#### Data provided

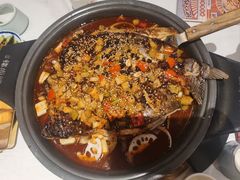 -锦尚阁烤鱼(望京新荟城店)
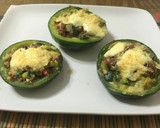 Foto del paso 9 de la receta: Zapallitos rellenos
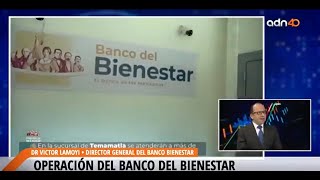 Entrevista con el Director General Víctor Lamoyi Bocanegra [upl. by Apurk980]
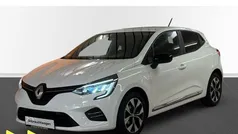 Weiß Gebraucht 2023 Renault Clio V Evolution Limousine | 15.990 € (Fairer Preis)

########

Task details> Set the lines down exactly as they stand, from the one containing "Entrevista con el" through the end of the listing, omitting every picture.

Answer area>
 Entrevista con el Director General Víctor Lamoyi Bocanegra [upl. by Apurk980]
 Weiß Gebraucht 2023 Renault Clio V Evolution Limousine | 15.990 € (Fairer Preis)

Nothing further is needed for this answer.